The Third Declension and Indirect Statement

For the past couple of weeks in Latin I, we have been reviewing past information about grammar and translation, as well as adding new information to our knowledge of Latin.

In Chapter 6, students learned how to conjugate the verbs sum  and possum, which translate as “I am” and “I am able.” They also learned how to translate complementary infinitives in phrases like, “I am accustomed to live in Rome,” or, “I want to walk with my friends.”

In Chapter 7, so far we have learned how to decline the third declension of nouns, which contains more Latin nouns than each of the other four. We have begun to use these nouns in translation.

During this upcoming week, we will continue to work with the third declension and will also begin to learn about the use of indirect statements in Latin in order to translate phrases like, “Vergil says that fortune favors the bold.”

Review & Group Skits

In Latin I this past week, we reviewed the passive voice, which students worked with just before Thanksgiving break. They were quizzed on passive verb charts and translations using the passive voice, and we will be going over the translation aspect of this assessment during the upcoming week.

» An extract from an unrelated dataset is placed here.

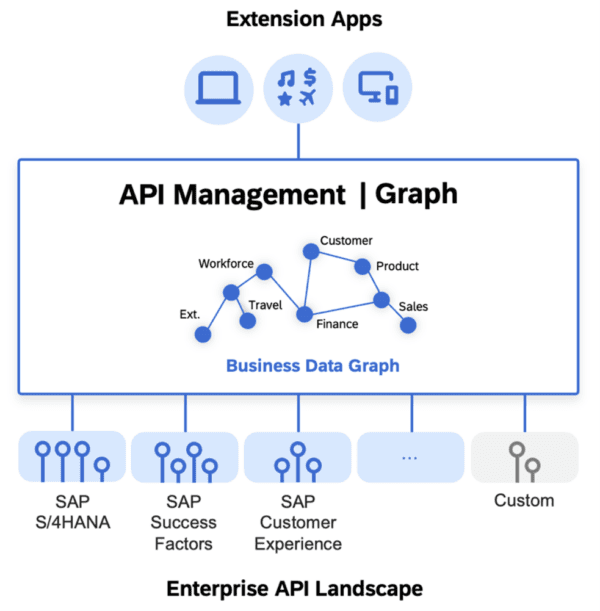 Data interoperability with Graph Engine | E3-Magazine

Last week we also filled out an extensive review packet that tested students’ memory of concepts from all throughout the first semester. We will be continuing to go over answers at the beginning of this week.

Aside from finishing up with last week’s material, this week will consist mostly of review and a focus on translation. Starting now students will be required to explain to use of noun cases when translating a sentence, rather than just identifying a noun’s gender, case and number.

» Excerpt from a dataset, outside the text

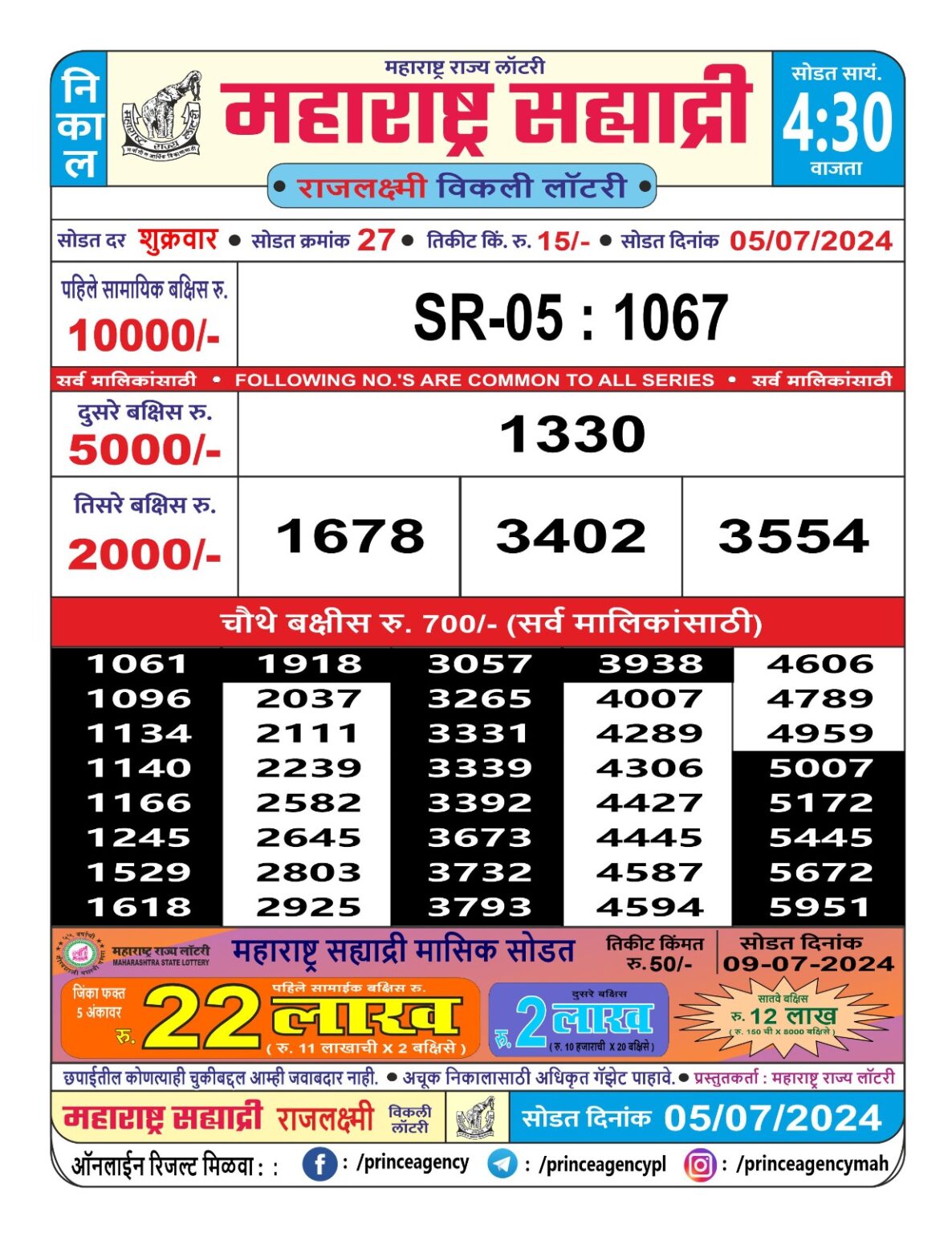 Everest Result Today Dear Lottery Chart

Finally, students will be working on a minor project this week: groups of three and four will present a short skit that tells a Graeco-Roman story or myth. Groups chose their projects last week and will be performing their skits for the class on Friday.

Chapter 5: Passive Verbs

This past week in Latin one, we finished up our work with neuter nouns and adjectives by taking a quiz on regular adjective declensions on Thursday.

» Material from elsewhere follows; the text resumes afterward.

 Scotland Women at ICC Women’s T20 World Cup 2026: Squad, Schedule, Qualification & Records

We also started to get a taste of the passive voice by translating at sight a modified passage from one of Cicero’s letters to his wife, Terentia. Students worked through this translation as a group, without any previous preparation, and took their first look at the passive voice in Latin.

During this short week before Thanksgiving, we will take formal notes on the passive voice and begin to do more extensive work with conjugating, manipulating and translating these verbs. There will also be a vocabulary quiz on Wednesday.

Chapter 4: Adjectives & Neuter Nouns

Last week in Latin I we started work on Chapter 4 of our textbook, which introduced the system of second declension neuter nouns. These nouns are very similar to their masculine counterparts, but their forms change in the nominative and accusative cases. Students learned how to recognize a neuter noun based on the -UM ending of its nominative singular and how to decline them fully. We also began to experiment with Latin adjectives, which decline in three different systems–one for each gender of noun. Adjectives need to match their nouns in GENDER, NUMBER and CASE, meaning that often the endings of adjectives will look exactly like those of the nouns that they modify, but not always.

This upcoming week we will continue to work with adjectives and neuter nouns and begin to use them in translation.

Using the Second Declension in Translation

After coming back from break, we spent the first few days reviewing, and last week the review continued with several days of translation practice. For homework students translated three installments of the story Echo & Narcissus, which we went over in class. We also took a quiz on translating sentences as well as parsing the nouns and verbs used in them. We wrapped up the week by beginning to compose a list of uses for the ACCUSATIVE and ABLATIVE cases on sheets of paper that will be useful for as long as the students study Latin. These are designed to be a handy way of studying and double-checking information.

This upcoming week we will be starting Chapter 4 of our textbook. We will learn how to decline the neuter portion of the second declension and how to use Latin adjectives correctly.